Thursday 29 August 2013

Why?

Why must it when I already found my happy, someone or some people are trying to ruin it? Did I do something wrong that must I repay it? I feel sad and guilty that I don't know what is happening in my life right now.

It all started with a bunch of friends, then it became more and more. I started noticing and I left with no regret. But now I don't know if I regret it.

One day, I found this group of people in my class. I started hanging out with them little by little. I didn't know that eventually, they will become very special to me. I didn't know that they are the ones that can make me happy like I never did before. I never laughed the way I did with them before. I felt really special. In a way that people want.

I finally found those people that I deserve.
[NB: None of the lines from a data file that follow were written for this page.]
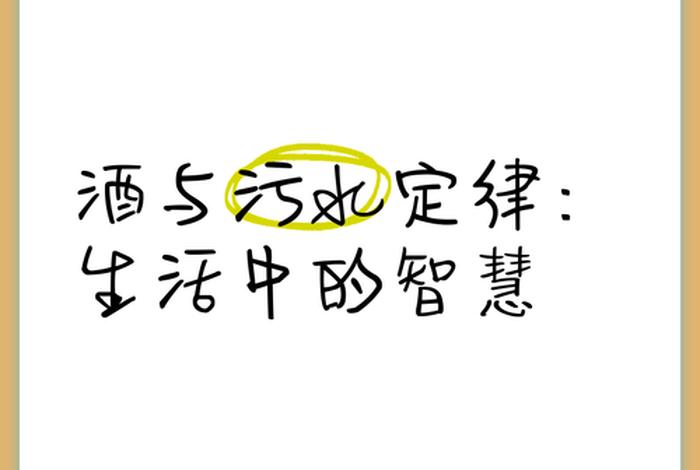 生活是水工作是酒(生活是水,而水,不等于诗) 生活是水工作是酒(生活是水,而水,不等于诗)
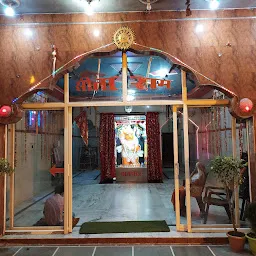 Shree Khedapati Hanuman Mandir Shivpuri |
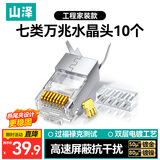 山泽 七类网线水晶头 7类万兆50U镀金抗干扰网络连接头 CAT7两件式工程级RJ45网络接头 10个 WL-7010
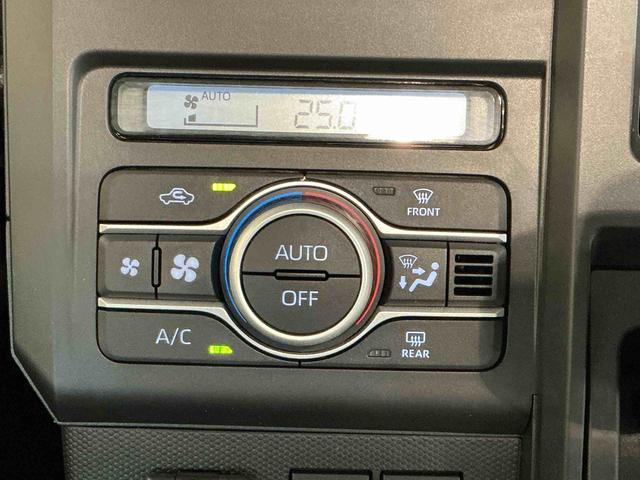 タフトX車線逸脱警報装置 コーナーセンサ 軽減ブレーキ アイストップ インテリキー 電動格納ドアミラー イモビライザー キーフリー 安全ボディ LEDヘッドライト オートマチックハイビーム オートライト(栃木県)の中古車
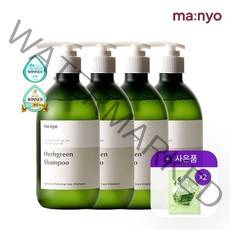 마녀공장 허브그린 샴푸 510mlx4 [+알로에 마스크 2장], 없음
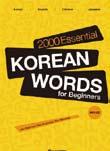 Listening Skills - Practical Tasks for Beginners Korean Listening Skills - Practical Tasks for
That day that we fought. I did not know what happened completely. I felt that I should so something but I'm scared that I will be the reason if we break up in the end. I just cant. I felt like my life is going to sink six feet underground. I'm gonna be left with nothing. I cried. I cried no rainbows or happiness. I cried with sadness. I was scared.

I wish we could all fix this situation that no one will leave. I wish that we all stay forever. No matter what, thunder, lightning, storm or disaster. I wish we all are together till the end. Even if we already finished college... secondary.. even if we went to the different parts of the Earth. I promise you all that I will NEVER forget you all.